[[ Dataset records, beginning ]]
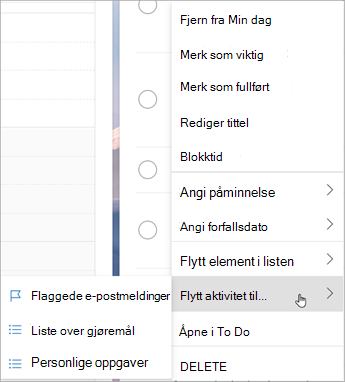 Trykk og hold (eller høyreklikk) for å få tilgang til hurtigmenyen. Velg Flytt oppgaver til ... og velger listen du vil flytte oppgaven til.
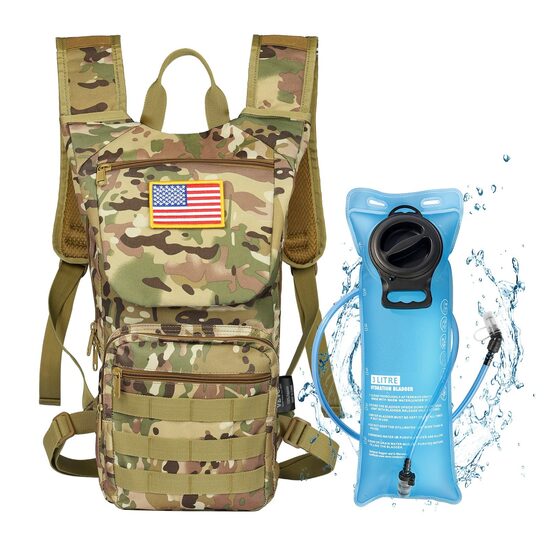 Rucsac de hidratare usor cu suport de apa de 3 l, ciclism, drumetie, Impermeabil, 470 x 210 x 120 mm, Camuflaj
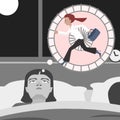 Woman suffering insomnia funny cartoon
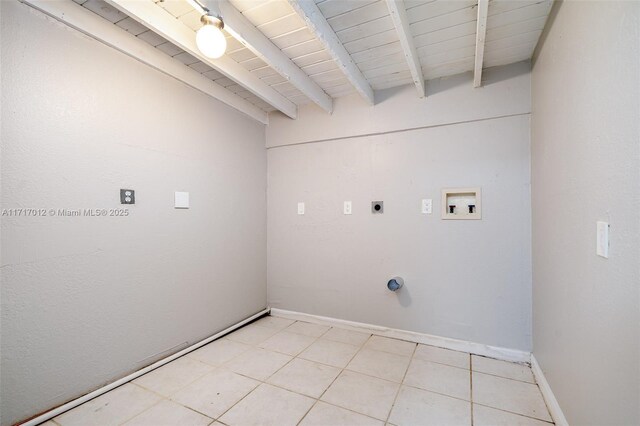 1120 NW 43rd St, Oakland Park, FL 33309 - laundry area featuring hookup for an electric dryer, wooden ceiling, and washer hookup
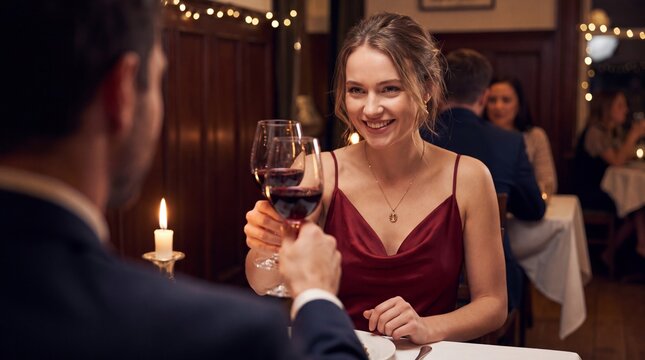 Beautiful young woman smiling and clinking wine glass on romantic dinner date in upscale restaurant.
[[ Dataset records, end ]]
[[ Dataset records, beginning ]]
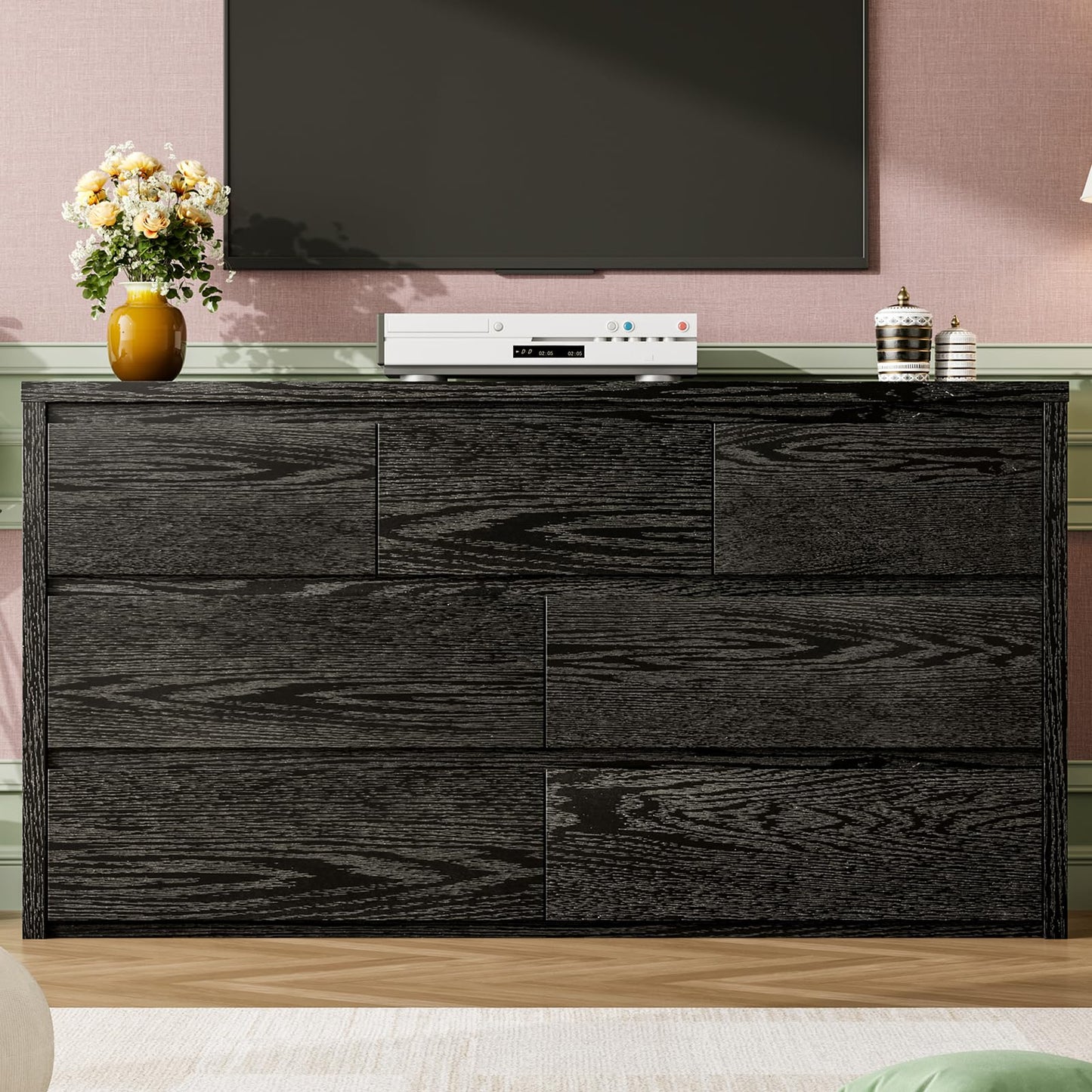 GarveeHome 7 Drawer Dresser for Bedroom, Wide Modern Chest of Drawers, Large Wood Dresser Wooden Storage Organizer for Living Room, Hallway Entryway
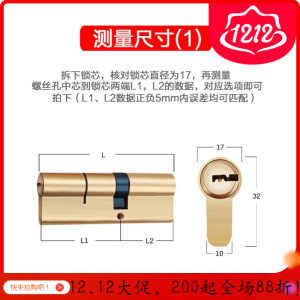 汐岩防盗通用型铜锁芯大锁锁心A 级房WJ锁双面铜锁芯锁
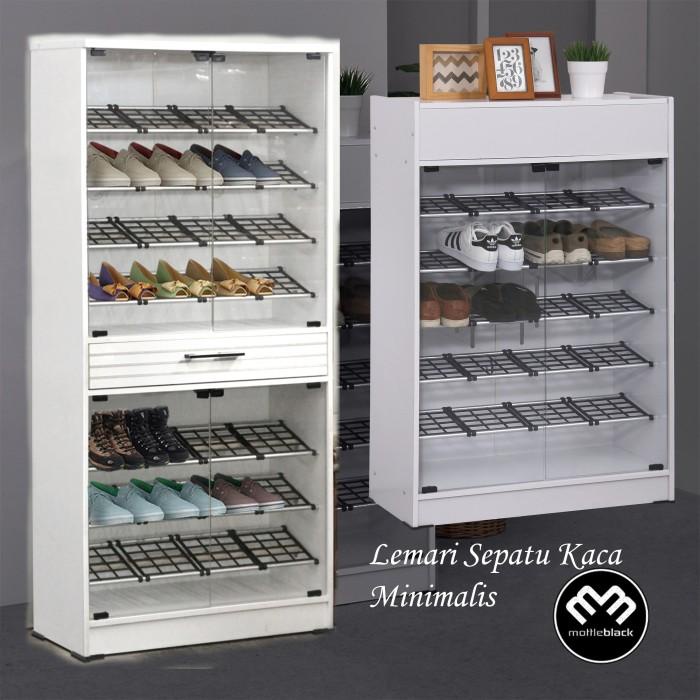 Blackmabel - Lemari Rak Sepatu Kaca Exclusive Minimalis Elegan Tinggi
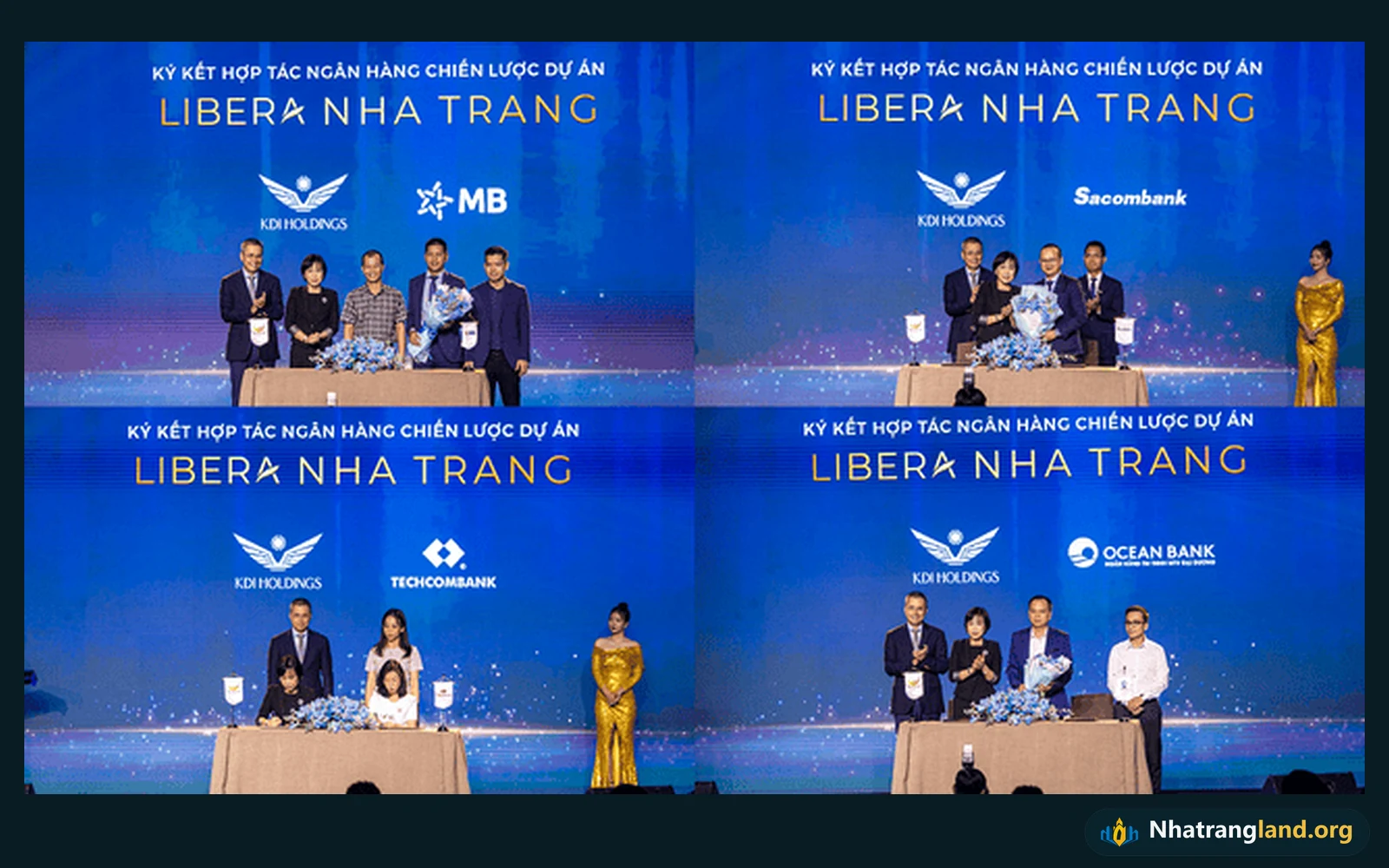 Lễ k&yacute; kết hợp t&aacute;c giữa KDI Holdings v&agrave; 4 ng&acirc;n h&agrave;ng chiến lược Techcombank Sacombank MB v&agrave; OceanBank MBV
[[ Dataset records, end ]]
What is needed is an exact copy of the lines above from the one with "汐岩防盗通用型铜锁芯大锁锁心A 级房WJ锁双面铜锁芯锁" to the one with "Lễ k&yacute; kết", both ends kept, and nothing more; please leave the pictures out.

 汐岩防盗通用型铜锁芯大锁锁心A 级房WJ锁双面铜锁芯锁
 Blackmabel - Lemari Rak Sepatu Kaca Exclusive Minimalis Elegan Tinggi
 Lễ k&yacute; kết hợp t&aacute;c giữa KDI Holdings v&agrave; 4 ng&acirc;n h&agrave;ng chiến lược Techcombank Sacombank MB v&agrave; OceanBank MBV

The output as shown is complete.